### 300iq's blog

By 300iq, 4 weeks ago, ,

Hello everyone, this winter at Petrozavodsk was my third (Petrozavodsk) contest, now it is loaded on the gym.

Thanks to the testers MiFaFaOvO, ko_osaga, Radewoosh, ksun48, xiaowuc1, ainta, molamola., Endagorion, antontrygubO_o, tEMMIE.w.

• +204

 » 4 weeks ago, # |   +11 Thank you for your nice problem set, 300iq teacher! And could you provide the Editorial?
•  » » 4 weeks ago, # ^ |   +11 Sure! Added it to the blog.
 » 4 weeks ago, # |   +2 Whats the difficulty level? do you have editorials ?
 » 4 weeks ago, # |   +20 Wow, the English is really good in these problem statements!
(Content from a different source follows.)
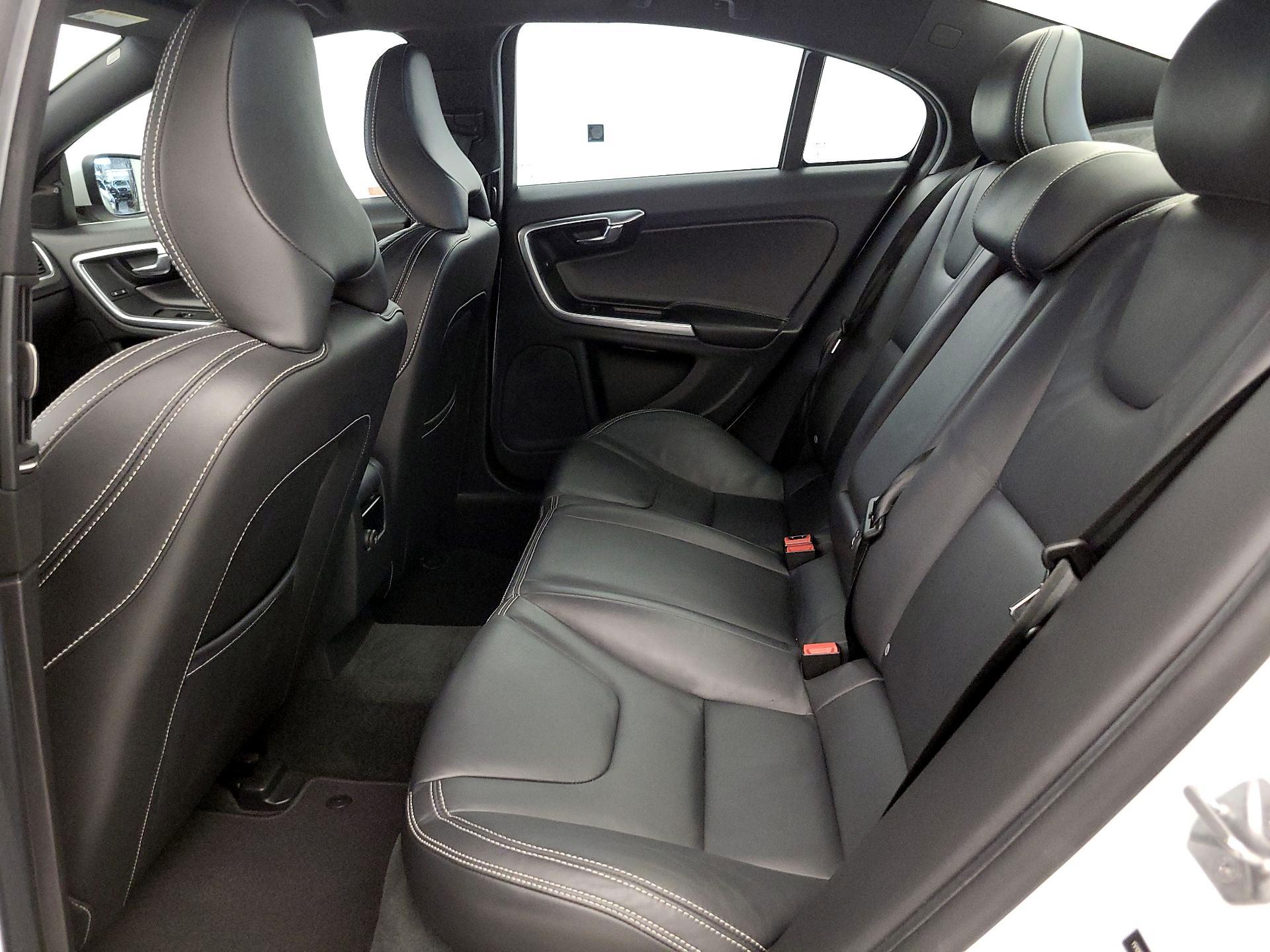 Thumbnail: 2015 Volvo S60 - 20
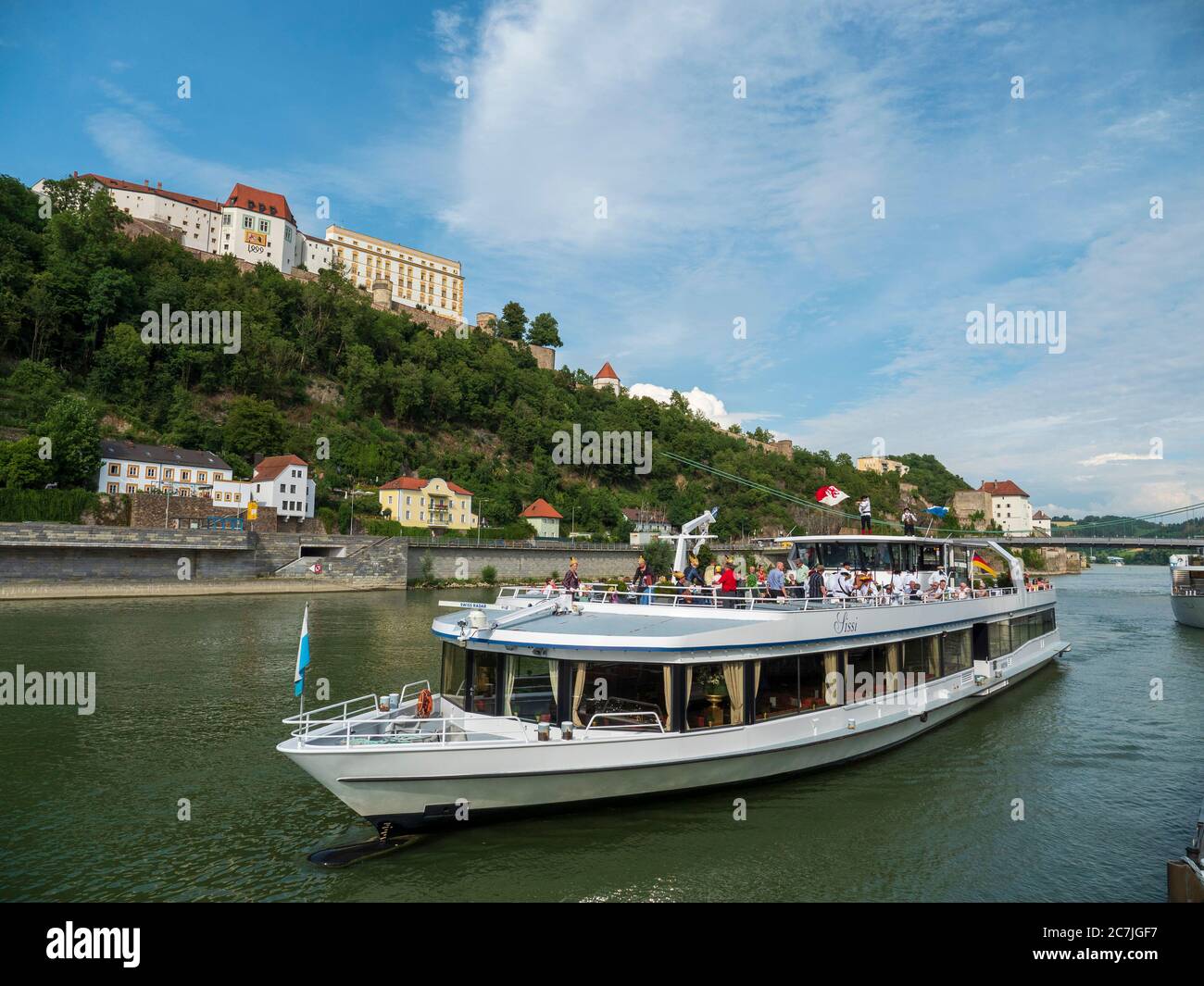 Ausflugsboot auf der Donau, Feste Oberhaus, Passau, Bayern, Deutschland Stockfoto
Thanks a lot.
•  » » 4 weeks ago, # ^ |   +21 I have friends with good English skills ;)
•  » » » 4 weeks ago, # ^ |   +41 wtf how to be friend with 300iq
•  » » » » 4 weeks ago, # ^ |   +80 learn english
•  » » » » » 4 weeks ago, # ^ |   -9 hi sirs... my english not so good, is that why lgm and other codeforces competitor don't replied to me ?? thanks sirs for the help
•  » » » » » » 4 weeks ago, # ^ |   -9 i have the same problems too ... :(any tips?
•  » » » » » » » 4 weeks ago, # ^ |   +15 Hey, I don't have too much experience, but I've gotten a lot of success asking people for help with good grammar.Some other things that help are: 1.) A clearly defined problem. 2.) Some code (if applicable). 3.) An explanation of what you've done so far, and of your code (even if it's easy for you to read, it's not always easy).Also read this: https://codeforces.com/blog/entry/64993
 » 4 weeks ago, # |   +1 colors in the blog reminds me of something very related to me <3
 » 3 weeks ago, # | ← Rev. 2 →   +10 My pseudo-solution for EFirst until there are two equal elements erase both of them. Now if we are left with less than $50$ elements we can for each $x$ calculate $(a_1 \mod x) \oplus (a_2 \mod x) \oplus \ldots \oplus (a_k \mod x)$ directly and check if it equals 0.If not we compute prefix xors, to be able to compute in constant time parity of numbers in any interval. Now for each $x$ we iterate over all bits $b$ such that $2^b \geq x$ in decreasing order and for each we want to know parity of count of numbers such, that $b$-th bit is set in $a_i \mod (x + 1)$. To do this we can run through all intervals $[l, r) = [a(x + 1), (a + 1)(x + 1))$ and in each of them set of numbers with $b$-th bit set is exactly $[l + b, l + 2b), [l + 3b, l + 4b), \ldots, [l + (2k+1)b, r)$, which is $1$ interval on first run with largest possible $b$ at most $2$ on second, $4$ on third etc. Now since $k$ is large, the function $(a_1 \mod x) \oplus (a_2 \mod x) \oplus \ldots \oplus (a_k \mod x)$ looks random, so on average the first run will happen for each $x$, second for half of them, third for one fourth, and so on, which adds to total $O(n \log ^2 n)$Except it's bullshit, because for example if after erasing numbers we are left with integers from $[4\cdot 10^5, 5\cdot 10^5)$ if we pick $x$ such that $2x \leq 4\cdot 10^5, 3x > 5\cdot 10^5$, we're left with numbers from $[4\cdot 10^5 - 2x, 5\cdot 10^5 - 2x)$, which is sequence of consecutive numbers of length divisible by $4$, least of which is even, so since $2x \oplus (2x + 1) \oplus (2x + 2) \oplus (2x + 3) = 0$ their xor is $0$, so my solution will run through all iterations for all such $x$-es and will take total of $O(n^2)$.Fortunately there were only random testcases, so reasoning based on randomness of function $(a_1 \mod x) \oplus (a_2 \mod x) \oplus \ldots \oplus (a_k \mod x)$ holds.